Weighing in on the model weight controversy
In case you haven't heard (ha!), there's been a bit of discussion over models and how much they weigh. To bring you up to speed, it all started back in September, when organizers of the Madrid Fashion Week announced that it would be weighing in all models; those with a BMI of under 18 would not be allowed to work. Fashion designers, casting directors, and editors then denied widespread eating disorders in the industry, saying that Madrid was overreacting, and that, as arbiters of taste, they should be able to hire whomever they want. The death of Brazilian model Ana Carolina Reston from anorexia, in November, drew even more attention to the debate. With New York Fashion Week looming on the horizon, the CFDA finally stepped up to the plate last week, releasing a "health initiative" to ensure the health and safety of all working models. As my idol, the Washington Post's Robin Givhan notes in her spot-on analysis of the debate, it's basically the equivalent of tobacco companies giving tips on how to quit smoking. The reigning supe, Giselle Bundchen, who obviously knows where her paychecks come from, then added more fuel to the fire by stating that we should blame families, not the fashion industry. I don't think that's necessarily the right answer either.

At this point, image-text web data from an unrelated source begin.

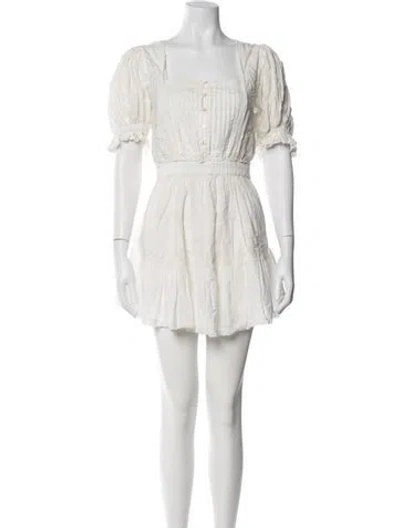 Pre-owned Loveshackfancy Floral Print Mini Dress In White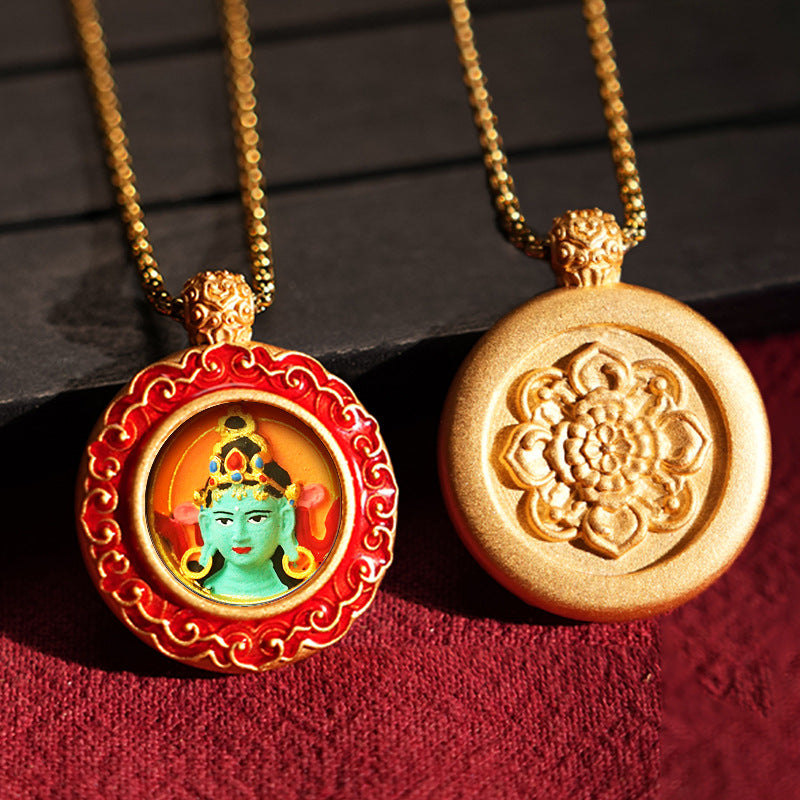 Three-dimensional Tibetan Style Fifth Master Brass Painted Wipe Pendants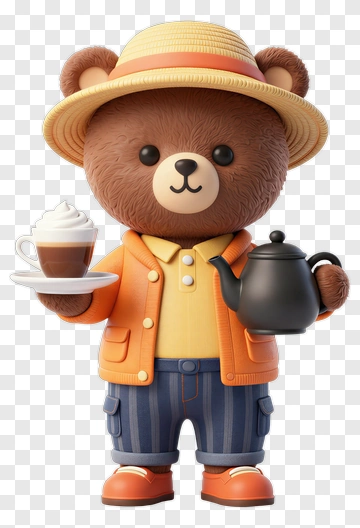 3D Bear Holding A Teapot And Coffee Cup PNG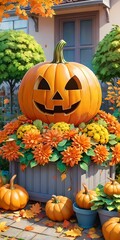 Obraz premium Pumpkin, autumn decoration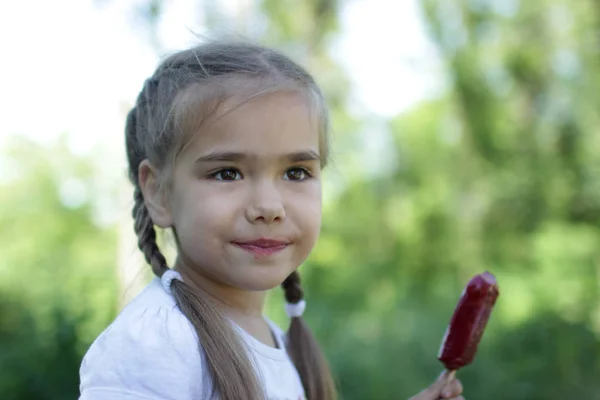 Niña Bonita Comiendo Helado Parque Feliz Verano Vacaciones Familiares Retrato — Foto de Stock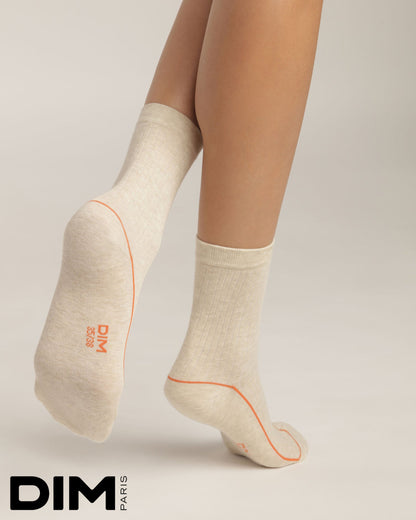 Cotton Sports Crew Sock in Soft Cream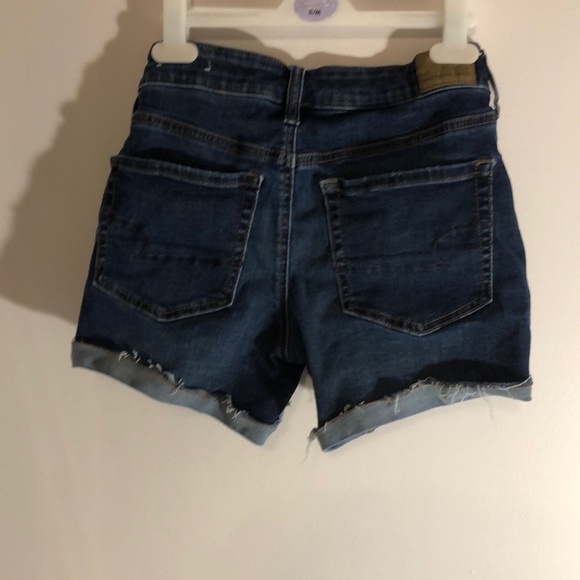 AE super stretch midi dark denim shorts. - Picture 3 of 5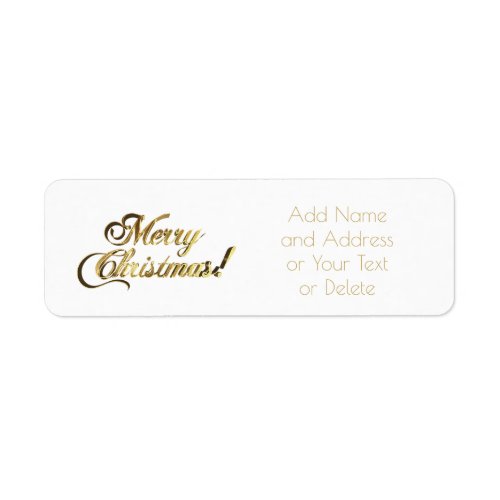 Merry Christmas Faux Gold Foil Typography Chic Label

Yes, most models are naturally thin; as I have said before, this is because they're all, like, 17 years old. (Case in point: When I was 17 years old, I thought I was fat, but I wore a size 6 and ate the chicken fingers dinner--that's chicken fingers and fries--at Baker's Square roughly twice a week, in addition to basically whatever else I wanted to eat.) Keep in mind, too, that most models are over the hill by the time they're 25--the age at which I discovered that I could no longer subsist on shmears, pizza, and macaroni and cheese. At the same time, Givhan has a point: Sample sizes have shrunk dramatically in the last 15 years (for a good time, check out pictures of Cindy Crawford circa 1992--she seems almost portly in comparison to today's standard), and models have shrunk in response. But while they may be naturally thin, models do diet for runway work. In the meantime, the average American woman is 5'4" and 145 pounds; to meet Spain's BMI standard, a 5'9" model would have to weigh 126 pounds. I think the only models nowadays who weigh that much are either over 6 feet tall or are "swimsuit" models, i.e. girls too "curvy" to do fashion work. I saw a news clip on CNN last week of models being weighed, and while most were meeting their target weight, they were wearing sweaters, jeans, boots, jackets...in other words, nothing the average woman would be wearing at, say, her Weight Watchers weigh-in.

The media is jumping all over this story, of course, because it's sensational. Eating disorders equal drama equals ratings and sales. And while eating disorders are serious, they are mental--not societal--illnesses. If young women were becoming anorexic in droves from reading Vogue, trust me, it would be much more of an epidemic. I'm not trying to make light of the situation, however; while we can't blame the fashion industry for eating disorders per se, we can blame them for low self-esteem. I get that they're selling fashion as fantasy, but being a size 0 is so far past attainable for so many women (like 99.5% of the population), it's downright ridiculous. I'm not suggesting that fashion designers send out "average" or even "real" women on the runways--after all, where's the fantasy in that?--but considering the rising obesity rates in the world, even a size 4 would be a step in the right direction. The CFDA has the power to make that step. Hell, even Anna Wintour has the power. It's not going to happen overnight, but it can happen. All they have to do is take a stand, one that's in the best interests of not only models but of all women.

1 comment

Anonymous said...

i wholeheartedly agree with you its not just the fashion industries fault but they dont help. and the funny thing i noticed while reading what you wrote was the irony of the ads on the page from google they range from advertising americas next top model to diet pills stating "I Was Sick Of My Fat". so its not just the fashion industry pushing for weight loss its also society in general, look around on most web pages and the ads all have the same theme anymore. until society quits pushing thin,thin,thin, the attitudes on weight wont change for the better it will just get worse instead of better.